Please go through the records below and return every line holding the word "Photo".

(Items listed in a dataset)

* * * *

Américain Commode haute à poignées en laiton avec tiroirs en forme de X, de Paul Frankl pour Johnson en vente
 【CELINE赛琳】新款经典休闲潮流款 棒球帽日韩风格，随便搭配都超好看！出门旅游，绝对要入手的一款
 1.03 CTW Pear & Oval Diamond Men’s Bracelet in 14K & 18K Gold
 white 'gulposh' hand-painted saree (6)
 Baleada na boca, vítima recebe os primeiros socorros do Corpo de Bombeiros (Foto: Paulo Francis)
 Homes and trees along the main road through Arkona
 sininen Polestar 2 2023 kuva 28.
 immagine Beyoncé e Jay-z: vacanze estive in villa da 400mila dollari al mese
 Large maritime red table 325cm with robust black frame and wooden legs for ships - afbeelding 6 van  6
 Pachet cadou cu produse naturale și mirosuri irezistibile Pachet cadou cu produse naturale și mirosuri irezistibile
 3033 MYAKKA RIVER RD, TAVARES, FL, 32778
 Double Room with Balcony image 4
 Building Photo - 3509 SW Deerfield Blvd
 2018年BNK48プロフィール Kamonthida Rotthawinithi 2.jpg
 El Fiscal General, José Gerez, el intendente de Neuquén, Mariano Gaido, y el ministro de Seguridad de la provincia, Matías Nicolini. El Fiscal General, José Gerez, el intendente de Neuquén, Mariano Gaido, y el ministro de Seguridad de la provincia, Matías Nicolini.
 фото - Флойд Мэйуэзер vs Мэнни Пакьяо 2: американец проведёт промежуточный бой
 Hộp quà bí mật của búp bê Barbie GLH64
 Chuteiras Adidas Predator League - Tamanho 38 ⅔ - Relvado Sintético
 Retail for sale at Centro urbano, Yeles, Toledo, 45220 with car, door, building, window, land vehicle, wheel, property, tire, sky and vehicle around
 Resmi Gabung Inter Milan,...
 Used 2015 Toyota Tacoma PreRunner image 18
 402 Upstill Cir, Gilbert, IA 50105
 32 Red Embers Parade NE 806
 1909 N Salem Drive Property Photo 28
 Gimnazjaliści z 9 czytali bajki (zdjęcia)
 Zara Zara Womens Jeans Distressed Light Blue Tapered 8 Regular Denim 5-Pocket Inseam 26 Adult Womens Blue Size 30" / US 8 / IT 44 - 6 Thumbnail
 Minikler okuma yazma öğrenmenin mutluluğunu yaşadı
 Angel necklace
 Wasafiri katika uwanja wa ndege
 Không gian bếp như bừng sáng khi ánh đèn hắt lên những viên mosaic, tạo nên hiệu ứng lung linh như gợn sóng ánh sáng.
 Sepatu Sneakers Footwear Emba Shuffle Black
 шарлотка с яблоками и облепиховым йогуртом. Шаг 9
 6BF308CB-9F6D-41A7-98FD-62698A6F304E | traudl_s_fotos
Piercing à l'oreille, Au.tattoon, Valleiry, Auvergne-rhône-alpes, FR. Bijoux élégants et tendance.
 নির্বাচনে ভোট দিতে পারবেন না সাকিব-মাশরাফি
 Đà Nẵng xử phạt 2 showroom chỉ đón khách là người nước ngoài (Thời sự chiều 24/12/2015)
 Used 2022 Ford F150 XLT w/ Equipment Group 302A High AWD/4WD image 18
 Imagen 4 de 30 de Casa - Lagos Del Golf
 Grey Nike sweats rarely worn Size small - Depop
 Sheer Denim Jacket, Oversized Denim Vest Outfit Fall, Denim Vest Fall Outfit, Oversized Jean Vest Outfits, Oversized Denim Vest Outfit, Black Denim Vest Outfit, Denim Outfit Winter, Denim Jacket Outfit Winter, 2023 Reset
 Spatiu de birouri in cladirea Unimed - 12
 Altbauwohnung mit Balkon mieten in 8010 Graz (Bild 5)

* * * *

Result
 Building Photo - 3509 SW Deerfield Blvd
 1909 N Salem Drive Property Photo 28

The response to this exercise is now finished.